Gender inequality in local Irish politics highlighted in new research


22nd November 2022

UCC research, carried out on behalf of Cork City Council’s Women’s Caucus, has recommended that gender quota legislation be introduced before the next local government elections to help increase the number of female councillors around the country. 

Gender quotas are in place for national elections but not at local government level. The authors called for legislation to introduce a 40% gender quota for the 2024 elections so that Ireland is in line with other European countries. At present any gender quotas are informal, as agreed by individual political parties.

The authors of ‘Women’s Voice in the Council Chamber’ Dr. Aodh Quinlivan, Dr Fiona Buckley, Olajumoke Olumwaferanmi Igun and John Ger O’Riordan, also recommended that maternity leave and paternity leave be extended to councillors, that of the three councillors nominated by each local authority to the Association of Irish Local Government (AILG), that at least one should be a woman. They also called for a specific mentoring programme for newly elected women councillors and community-based education around the role of local government and the councillors.


The research also documented the lived experience of women candidates and councillors around deciding to run for election, on the campaign trail, and in the council chamber. Female and male candidates were all motivated by a desire to effect change in their communities, but some women recorded suffering significant abuse and threats on the doorsteps and on social media, often linked to family and gender circumstances with women receiving more ‘personalised’ slurs. 

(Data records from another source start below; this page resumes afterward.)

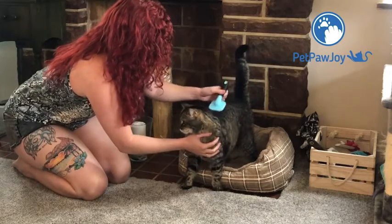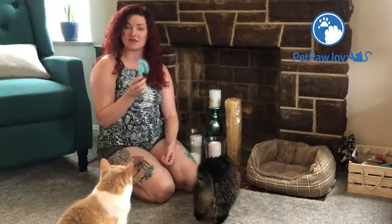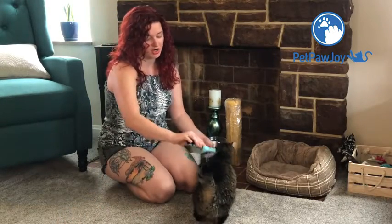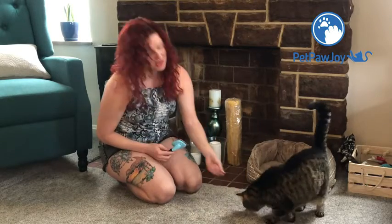The cool thing about this is it's definitely got the little angles and the bristles of this brush, and I have them angled in such a way as to help get out some of her deeper undercoat. I'm also bribing her with treats because she doesn't like to sit in front of the camera unless I have treats.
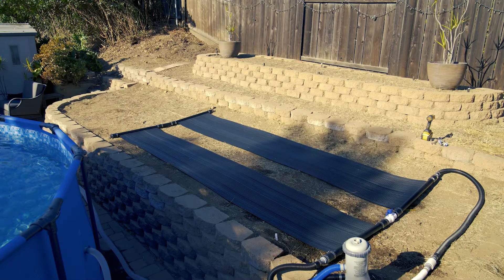Hey guys, Matt with Solar Pool Supply here. Today I'm going to show you how easy it is to install our new Swim Sizzle solar pool heating system. What's really cool about this kit is it's an all-in-one kit, so you can lay it on the ground, mount it on a rack, or on the roof of your home. It includes all the components you need to operate the system and hook it up — you'll be connected to your pool and swimming with your family in no time.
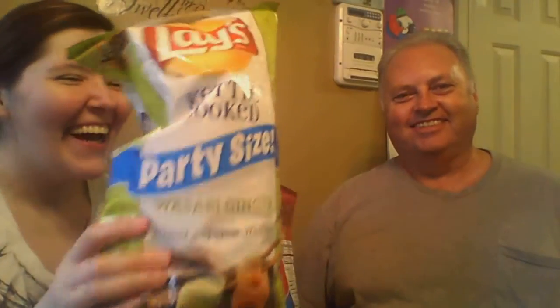Happy chip review number two! We got the new mango salsa wavy Lays. They've got four new flavors and we got two of them. This is my stepdad Bucky, he's gonna be helping me out — he's my 'try new things' person. We got the mango salsa here and we got the wasabi and ginger.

The research also highlighted how: 

  • Ireland currently ranks 98th in the world ( as of May 22) for women’s representation in national parliaments, falling behind countries such as China and Iraq. 
  • Since 1918, 130 women have been elected to the Dáil compared to 1,211 men.
  • European Union research in 2019 showed that just four countries in Europe boast 40% or more women elected at local level: Iceland, France, the UK and Sweden.
  • Just 16 of the 93 AILG delegates are women. If every local authority had to elect one woman, this number would rise to a minimum of 31.
  • The authors’ analysis of data  from the last six cycles of local elections in Ireland suggests that there is no electoral bias against women. The problem is that not enough women are appearing on the election ballot papers. It is interesting to note that women, if they have served in local government, are more likely to win a national seat than men.oCurrently women elected members make up 19% of Cork City Council – 6% below the national average. 
  • Cork City ranks 17th out of 31 local authorities for female representation and despite women making up one of five councillors, all six of the Council’s Strategic Policy Committees (SPCs) Chairs are men and therefore there in no woman on the Corporate Policy Group, the local authority’s ‘Cabinet’.
  • The representation of women at local authority level across the Republic has risen from 12 per cent in 1991 to 24 per cent in 2019. Women’s membership of the 31 local authorities is now at 24 per cent. 
  • The number of women candidates seeking a seat in City Hall has risen substantially from 12% in 1999 to 29% of candidates in 2019.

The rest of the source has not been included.